Nissan has taken the wraps off the third-generation Juke, and this time the small crossover goes fully electric.
The new model made its debut at the company’s Vision event in Yokohama today, where Nissan used it to sketch out the next phase of its product and technology direction.
That is a significant move for a nameplate that has become one of Nissan’s better-known European success stories. The company said more than 1.5 million Jukes have been sold in Europe since the original model arrived in 2010, so this is no side project.
Nissan is now trying to carry one of its more distinctive badges into the battery-electric age without losing the quirky character that helped the Juke stand apart in the first place.
The carmaker said the all-electric Juke will go on sale in Europe in spring 2027 and will be built at its Sunderland plant in the UK, further underlining the factory’s role in Nissan’s European EV push.
The new Juke EV is widely reported to be related to the Leaf and may share CMF-EV underpinnings, but Nissan has not yet published a full technical confirmation of any shared powertrain hardware.
What Nissan has made clear is where the Juke fits in the broader line-up.

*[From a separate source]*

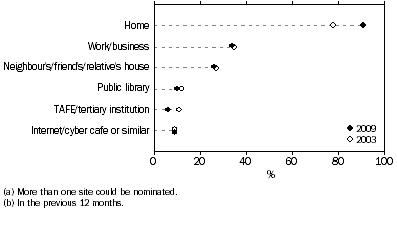 Graph: Persons with a reported disability, by selected locations(a) of internet use(b)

In Europe, it joins a growing EV range that already includes the new Micra, third-generation Leaf, Ariya and Townstar, with another A-segment EV still to come.
Nissan also said the Juke EV will offer vehicle-to-grid capability, following the new LEAF in being able to send stored energy back into the grid.
Outside Europe, Nissan used the same strategy update to signal more regional export plans. As part of its refreshed long-term approach for Asean, the company confirmed that the N7, NX8 and Frontier Pro PHEV will be exported to the region.
Just as notable is what Nissan is not doing. It is not abandoning hybrids overnight. The company said e-Power and other electrified options will remain part of the mix, with models such as the Qashqai e-Power and Juke HEV continuing to serve buyers who are not ready to move straight into a full EV.
That looks like a pragmatic call in a market where demand is rising, but price pressure, charging access and policy uncertainty still differ sharply from one country to another.